LC: I know that it makes some people uncomfortable, although it goes both ways. Last year I had a chance to show a film I made with my friend Ian Willms, called At The Chair Factory. One person who came was very firmly embedded in the art world, not from a position of deep social engagement, and they had a valuable and enjoyable experience. And I also remember someone else asking me, “Why did you want to watch people work?” The question fried my brain! The only answer I had was, “Why not?”

But now, my answer would be that, even on an aesthetic level, it’s an incredibly sensually appealing thing to do, to watch someone who knows what they’re doing, working. And to watch an entire mechanism of that, without the attempt to narrativize over it, and just be able to sink into it – a lot of people really enjoyed that. It marries the aesthetic experience of work with the duration experience of making artwork.

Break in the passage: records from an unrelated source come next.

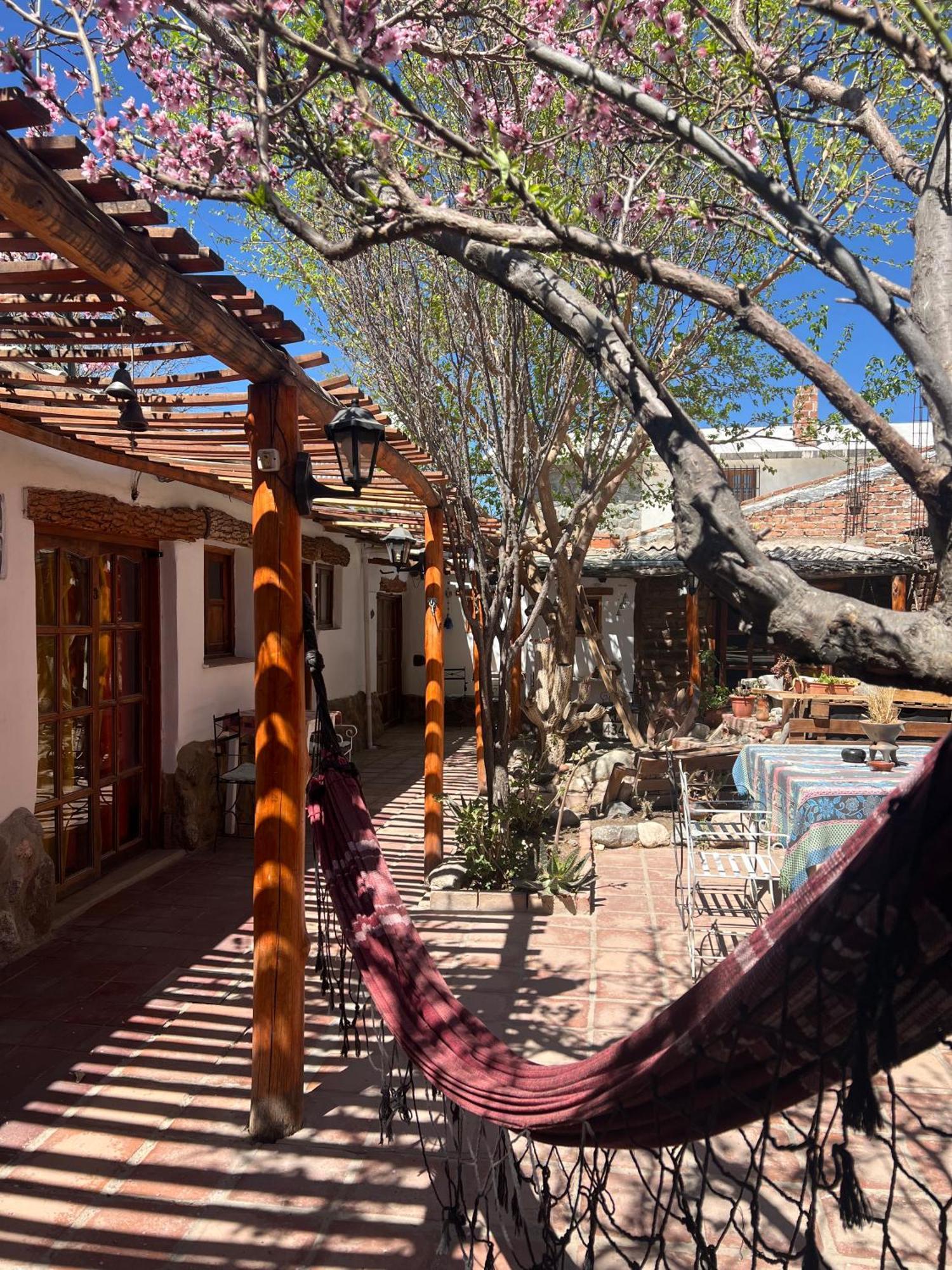 Hostal Tierra Andina 카파야테 외부 사진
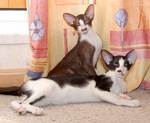 Oriental Bicolor cats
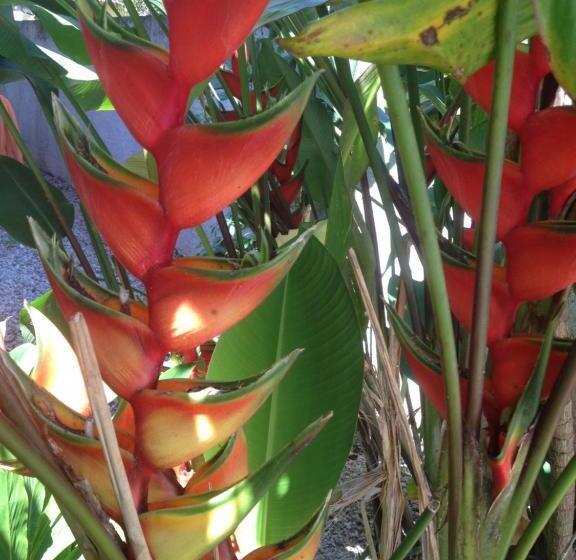 هتل Itamambuca Casa De Praia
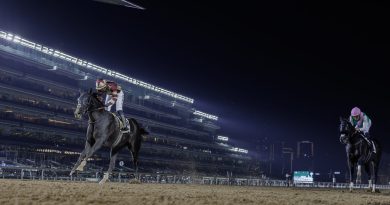 Finaliza en Meydan el «Carnaval más internacional de la historia»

MM: It’s sort of the most literal representation of breaking the fourth wall, in that you’re forcing everyone to literally look at the labour that goes on behind, in that case chairs. And then it’s a small leap to the history of labour itself and the question of labour organizing, which is something you flirt with. I’m thinking of the chairs you make for your work All Thumbs and how you post each new chair on Instagram with a little comment.

So, there’s this post with one of the chairs: “Day 375: As workers’ morale plummets, unfortunate accidents are more and more common.” Another says, “All Thumbs: Health guidelines.” Another says, “All Thumbs on a budget.” These speak to a working-class concern.

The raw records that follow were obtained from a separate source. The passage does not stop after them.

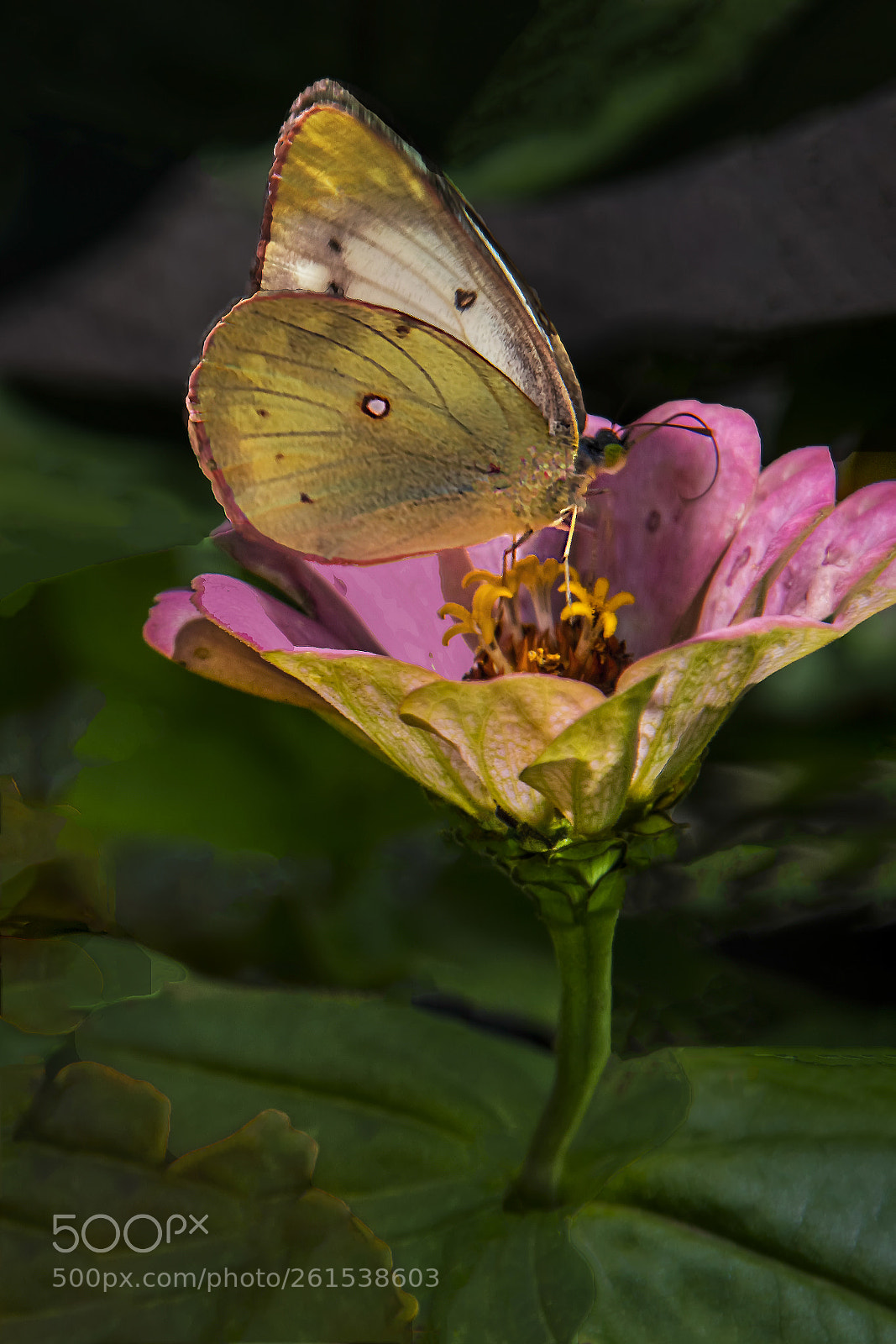 Canon EOS 5DS sample photo. Butterfly resting on a photography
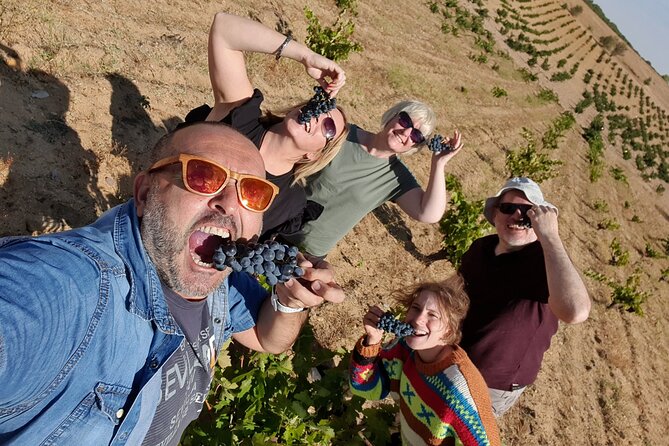 Ribera del Duero:4 Wineries, tasting & Lunch included from Madrid - A One-Day Mission Into Ribera del Duero’s Tinto Fino Country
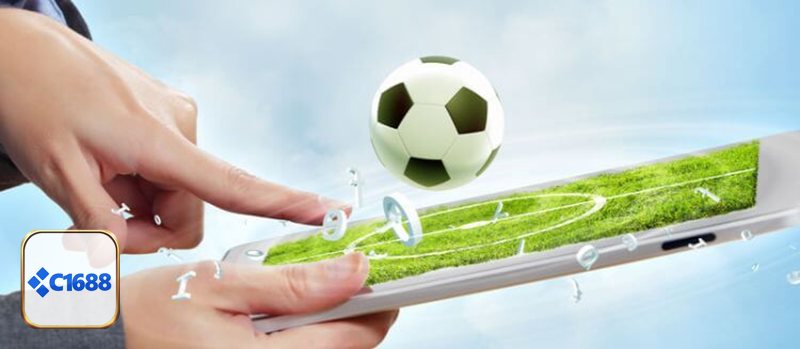 Thể Thao C1688 - Tầm nhìn và vị thế trên thị trường Thể Thao C1688 - Tầm nhìn và vị thế trên thị trường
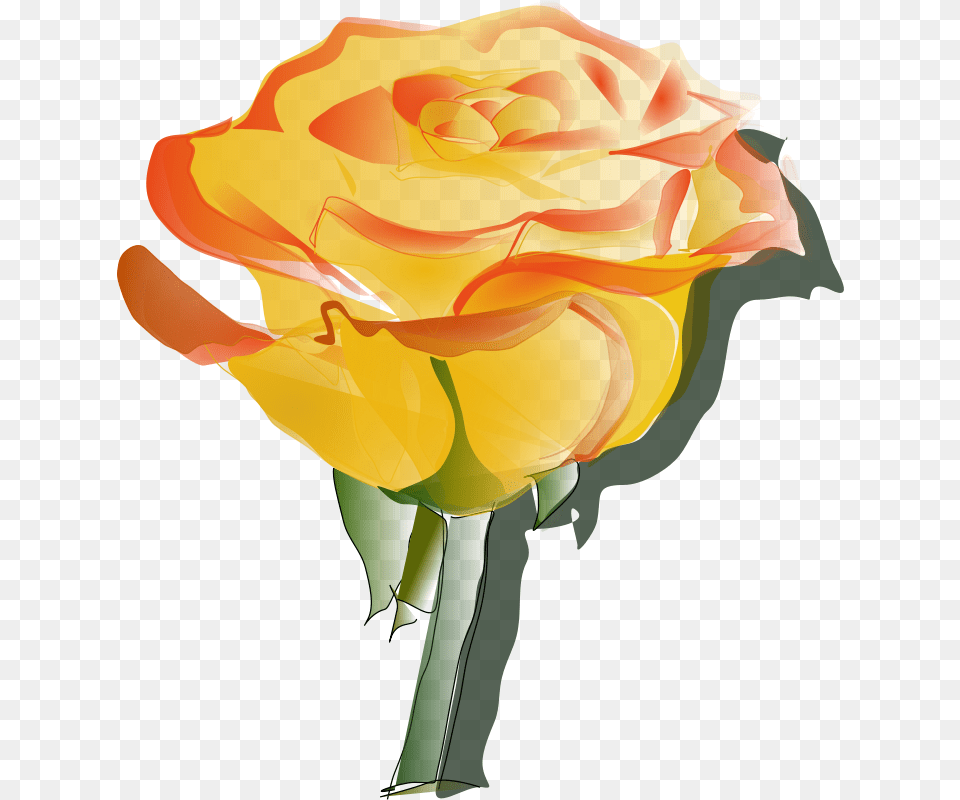 Reedabadeeda, Flower, Plant, Rose, Person Free Png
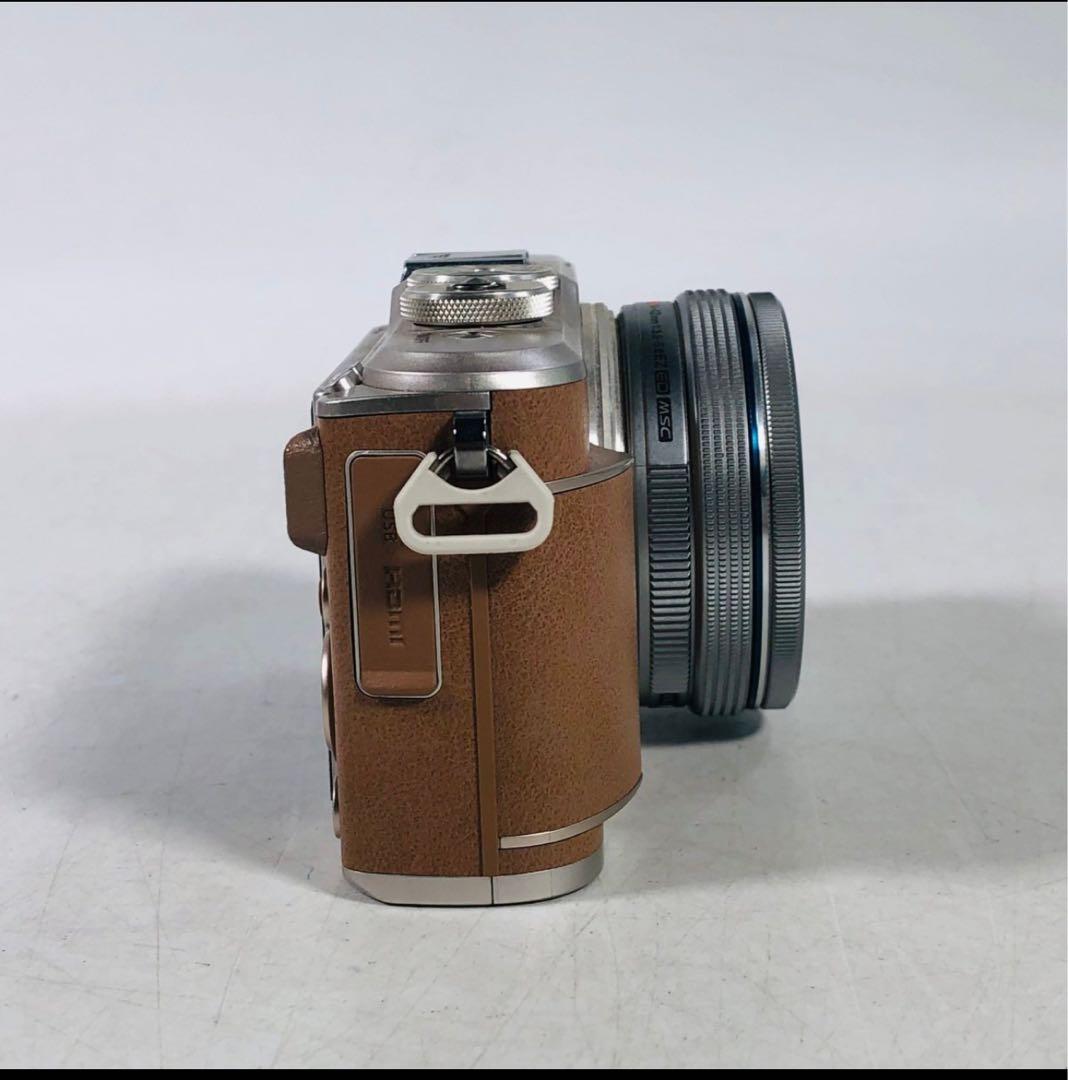 オリンパス OLYMPUS PEN E-PL9 ミラーレス一眼カメラ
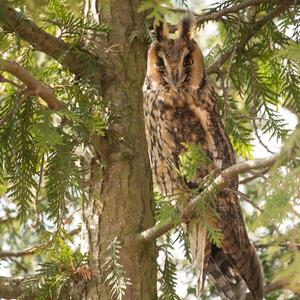 Long-eared Owl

LC: Well, they’re speaking to the reality of industrial work. And for me it’s tongue-in-cheek in the sense that this is about as “artisan” as it can be, like beyond function. It [the chair] isn’t just a one-off, it’s useless! And using Instagram as the platform enters into this fantasy notion of how we brand ourselves online as artists, how we create products for consumption and how we try to sell them.

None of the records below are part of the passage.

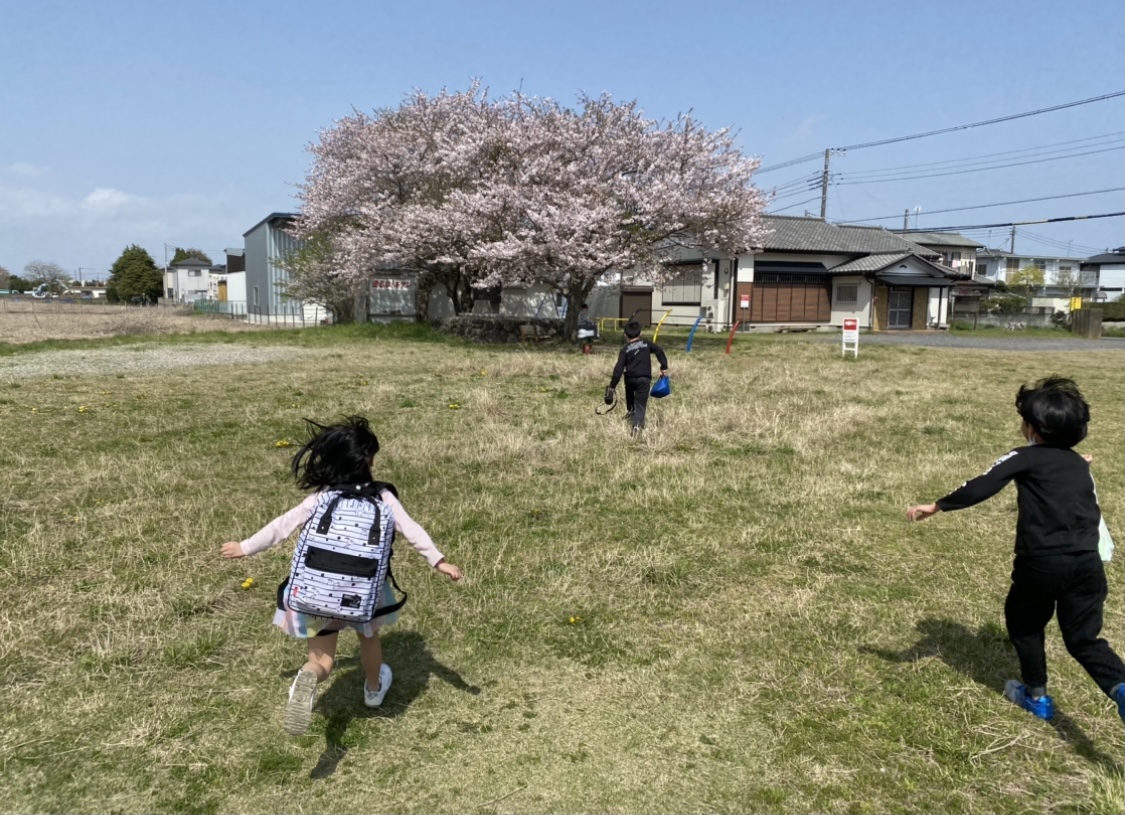 265589F4-29F7-469B-B550-218D396A64D8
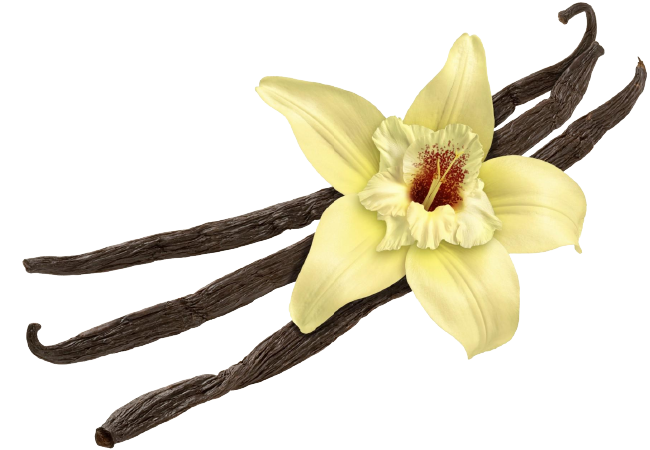Vanilla Bean Flower Transparent File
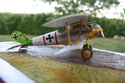 Pfalz D III Eduard 1/48 Img_5520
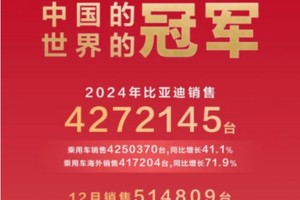 2024年全球车企销量排行榜前十出炉，比亚迪排名第五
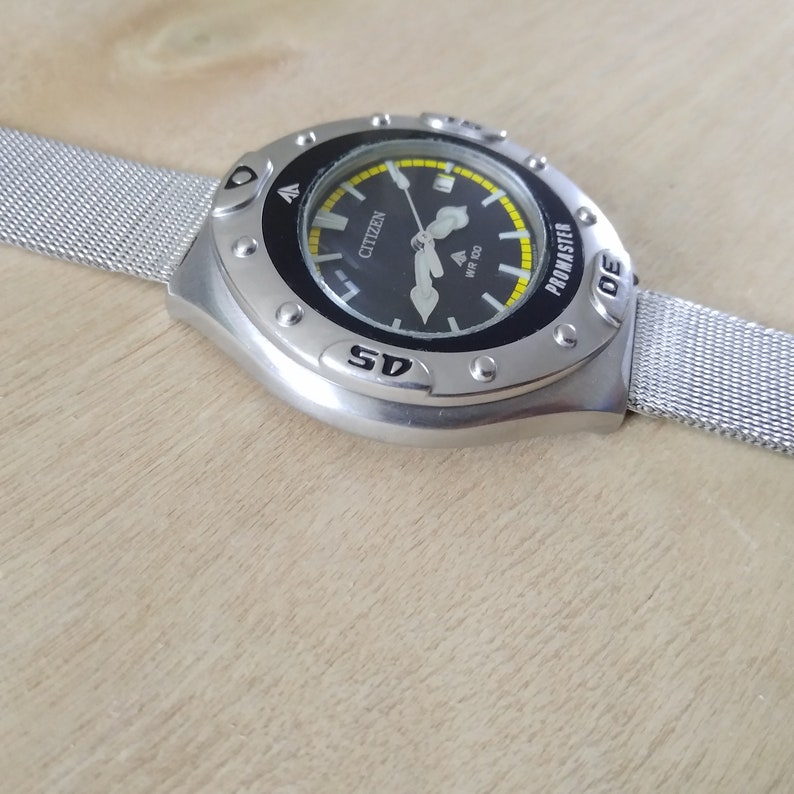 citizen wr100 promaster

MM: I also wanted to ask you about Grand National Holiday, a series of mugs with decals on them. This is the work you’ll have in the Exiles from the Future Vol 2 show, and it’s just straight up about organizing, labour, coffee breaks, the history of a particular factory. What was the inspiration for that work?

LC: Well, that piece and Closed Shop and Francis Place are three pieces that look at specific historical moments, within the context of labour. “Grand National Holiday” is basically the first term used for a general strike. It was coined by William Benbow, who ran a coffee shop in England during the Industrial Revolution and facilitated labour organizing in its most nascent form. And he proposed, in a sort of whimsical way, a Grand National Holiday which would be a spontaneous holiday that all workers would take, all at once. It’s the most heartening version of a general strike. Benbow conceived of it as something that would be taken not just to advance the concerns of people who had little to no rights at the time, but that it would be something taken for pleasure. It’s a delightful idea, and it connects well to art and my relationship with it.

So, I found this graphic in a book about union organizing. It’s a very simple Figure A and a Figure B illustration, with all of these people with letters on their shirts in a jumbled crowd in Figure A and then all lined up in a row in Figure B, where the letters spell out “Organize.”

I tried to make this almost literal, holdable history lesson and have it be a piece that is inherently social. For a while I was stuck on the idea of having it be not functional – initially it was conceived with one of the mugs being broken. But now I really like the idea that they are something that can be used. Because the tension I was interested in, is illustrated in liberating the piece from its “shelf status.”

Once it comes off the shelf and gets used by people, it does what the work is supposed to do anyway – which is to both challenge the utopian visions we create for ourselves about what organizing looks like, and still get people together in a room, sitting together and drinking coffee.